Corriere del Veneto (Padova e Rovigo)
Quelle Autorità che non rispondono a nessuno
Merita qualche riflessione la risposta di Danièle Nouy, a capo della Vigilanza bancaria di BCE , al presidente del Parlamento europeo e alle altre autorità politiche, che avevano sollevato dubbi sul nuovo «giro di vite» annunciato dalla Vigilanza sulla valutazione delle sofferenze (NPL) nei bilanci delle banche. La signora Nouy fa sapere che sta svolgendo il mandato che le è stato affidato e, soprattutto, dichiara che intende mantenere il programma annunciato di rafforzamento del sistema bancario, a suo dire raggiungibile costringendo le banche a «liberarsi» dei NPL. Lasciamo ad altri ogni valutazione sull’efficacia e opportunità delle misure ventilate, ma bisogna sottolineare che l’avvento sempre più massiccio di simili autorità amministrative «indipendenti» negli ordinamenti nazionali e in quello europeo sta spostando il baricentro della decisione pubblica dagli organi legittimati democraticamente (i parlamenti, i governi) a una serie di organismi variamente denominati che si caratterizzano per le competenze settoriali, la preparazione tecnica dei componenti e l’autonomia rispetto ai governi. Autorità che nella debolezza della politica trovano alimento e le cui decisioni hanno un enorme rilievo sul funzionamento dell’economia e del mercato, ma nei cui confronti la tutela giudiziaria è assai debole.

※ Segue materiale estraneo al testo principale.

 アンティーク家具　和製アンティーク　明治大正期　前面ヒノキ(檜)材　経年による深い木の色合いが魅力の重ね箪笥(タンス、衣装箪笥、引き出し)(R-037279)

La legge protegge la loro indipendenza con particolari metodi di nomina e con l’affidamento di mandati così ampi da essere liberamente declinabili dalle autorità stesse che così stabiliscono gli obiettivi, le regole, le procedure, le sanzioni (e i rimedi) nei diversi settori di intervento. Negli ordinamenti come quello anglosassone e statunitense, questi organismi sono oggetto da tempo di una serrata critica per la loro scarsa legittimazione democratica. Da noi, invece, le varie autorità crescono di numero (superano ormai la dozzina) e stanno allargando via via la loro sfera di competenza e di influenza, sovrapponendosi non solo all’amministrazione ma anche al legislatore e ai giudici, in una progressione che tanto incrementa il loro ruolo quanto cresce la diffidenza nei confronti dei rappresentanti eletti dai cittadini. In definitiva non rispondendo realmente a nessuno. In tutto ciò non manca qualche ipocrisia, perché i componenti di queste autorità «indipendenti», sebbene certamente esperti e autonomi, sono pur sempre nominati dagli organi politici. E non stupisce dunque che la politica, accortasi della crescente influenza di queste autorità, cerchi di dimostrare (quando può) di esserci. L’ultimo episodio, la mozione approvata dalla Camera sulla nomina del governatore della Banca d’Italia, è molto significativo: anziché essere giudicata come il legittimo intervento dell’organo rappresentativo al massimo grado dei cittadini, qual è il Parlamento, nella scelta di una delle cariche più rilevanti dell’amministrazione pubblica, viene criticata come un’invasione di campo della politica (o di qualche politico) nei confronti della indipendenza della Banca d’Italia, compromettendone così l’autorevolezza (se non la sacralità). Certo il modo, non previsto dalla legge (e imprevisto rispetto agli accordi tessuti dietro le quinte dell’ufficialità), può suscitare comprensibili perplessità, ma potrebbe essere anche l’occasione per affrontare, senza pregiudizi e senza timidezze, il tema dei rapporti fra autorità politiche e autorità amministrative di garanzia che inciderà sempre di più sul futuro delle nostre democrazie, sul funzionamento degli apparati pubblici e sulle nostre libertà economiche e civili.